ラスト2.195kmは8分54秒。ラスト1kmからの強烈な向かい風を考えればまあまあかもしれない。後で途中計時記録を見ると、僕の前後にゴールしたランナーで8分台はいないことからも、自分で思ったほどはラスト落ち込まなかったと言えると思う。
今回もカーボローディングがうまくいったのだろうし、もちろん脚作り自体がうまくいっていたのだろう。

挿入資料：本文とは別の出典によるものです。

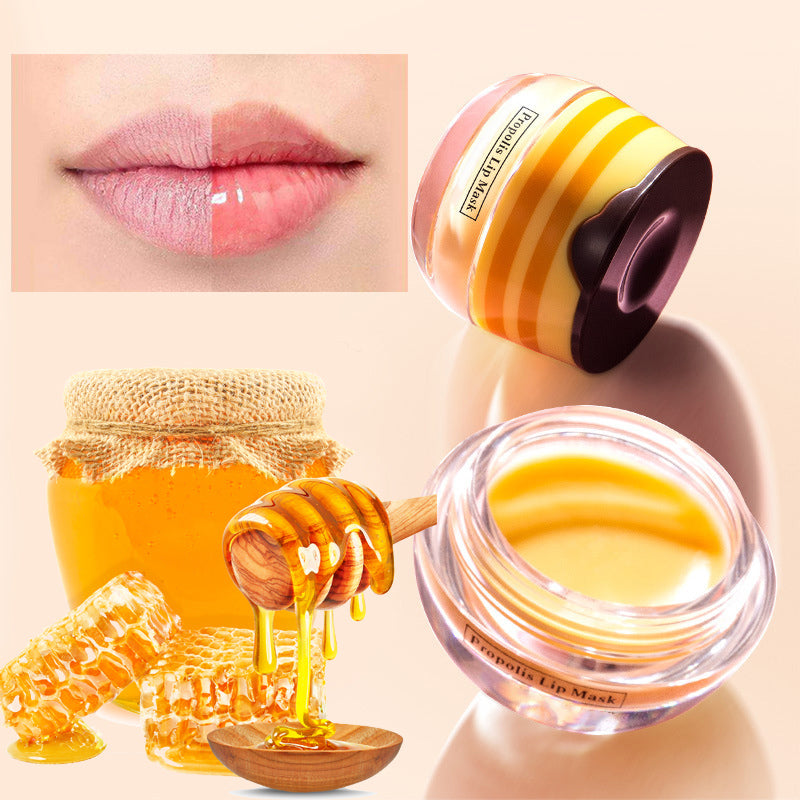 My Bee læbepomade
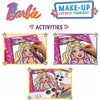 Children's Make-up Set Barbie Barbie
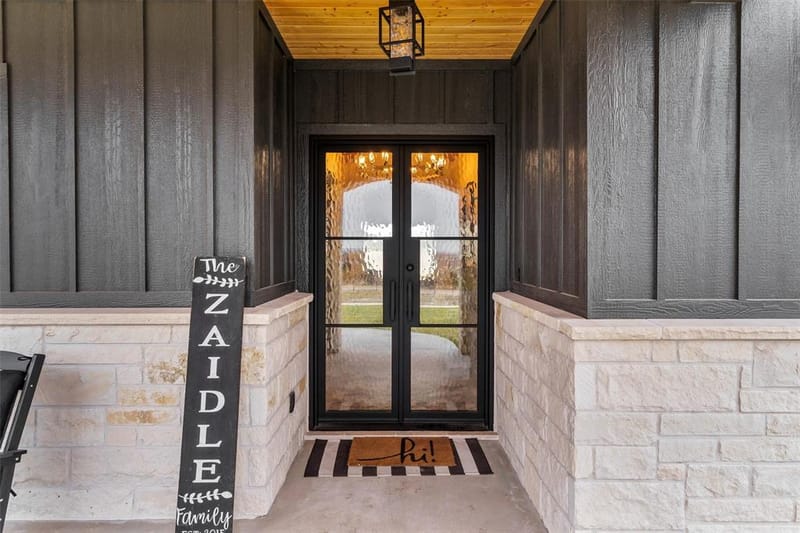 12503 County Road 1131, Godley TX 76044 - Photo 9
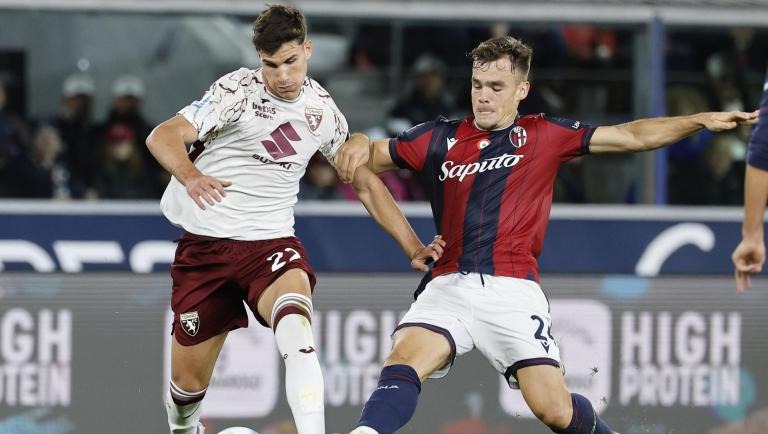 Torino vs Bologna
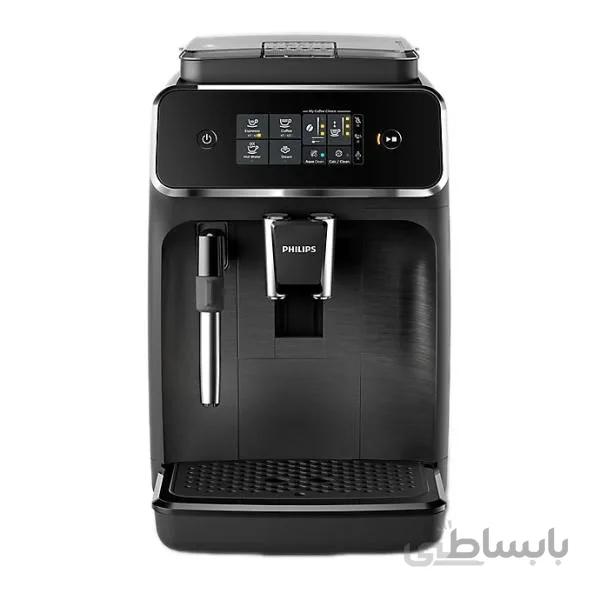 قهوه ساز اتومات فلیپس مدل ۲۲۲۰ ا Spersomaker philips 2220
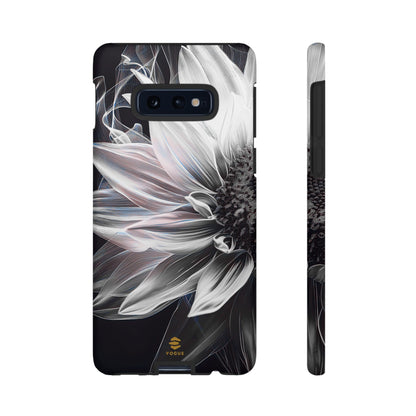 Moonlight Sunflower Samsung Tough Case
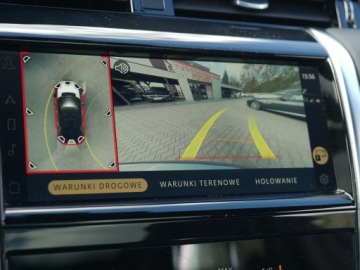 Land Rover Discovery Sport SUV Hybrid 1.5 P300e 309KM 2021 LR Discovery Sport 309 koni 4x4 Panorama Meridian 360 Hak Skóra Ele.Fotele, zdjęcie 15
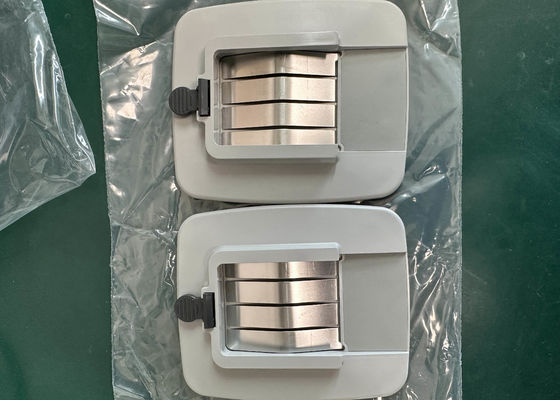 Philip Heartstart MRx Defibrillatore Paddle per M3535A M3536A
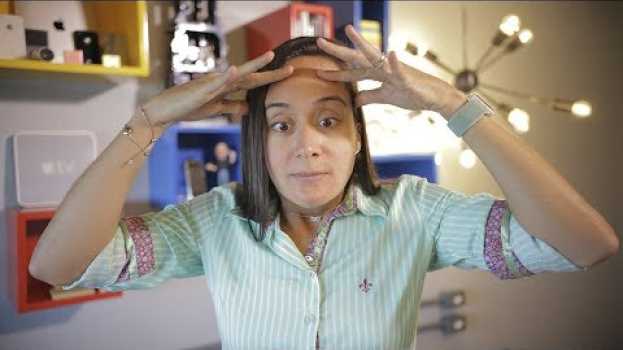 Video Isso Pode Salvar O Seu Pacote De Dados | Marília Guimarães en español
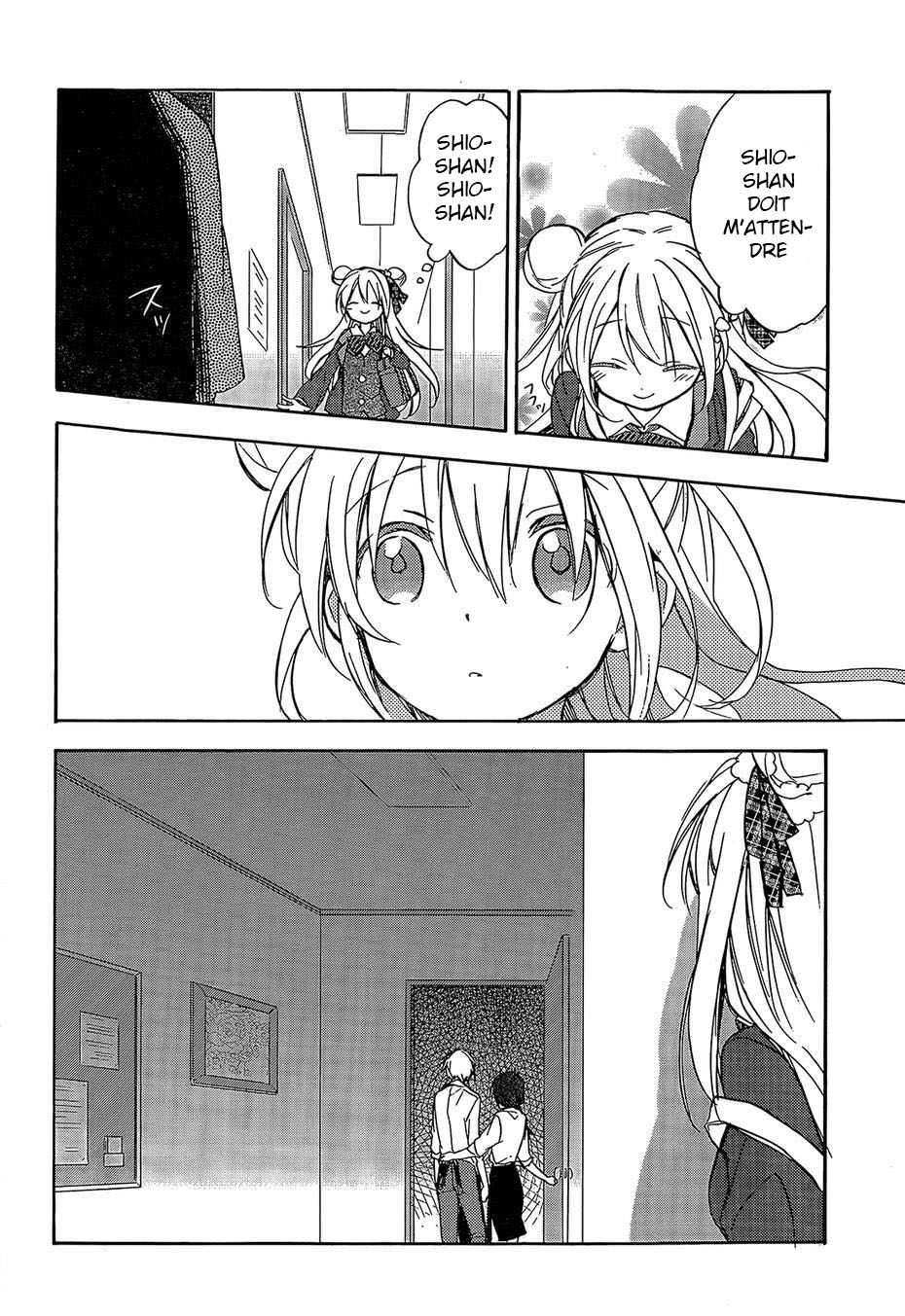 Happy Sugar Life Vol. 1 Ch. 1 第31页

その結果、30km以降いちども脚の痙攣がなくペースダウンせずにすんだことにつながった。
もっとも前半が少々の向かい風、徐々に風速が増して後半が強烈な追い風という「神風」に恵まれた面もあるので、浮かれすぎないようにしなくては。ただ今回のレースで、19分台でずっと楽に押すという、新たなスピード次元に入れた気がする。
37歳。もうあと5年ぐらいは自己記録更新をめざしてあがいてみようと決めた。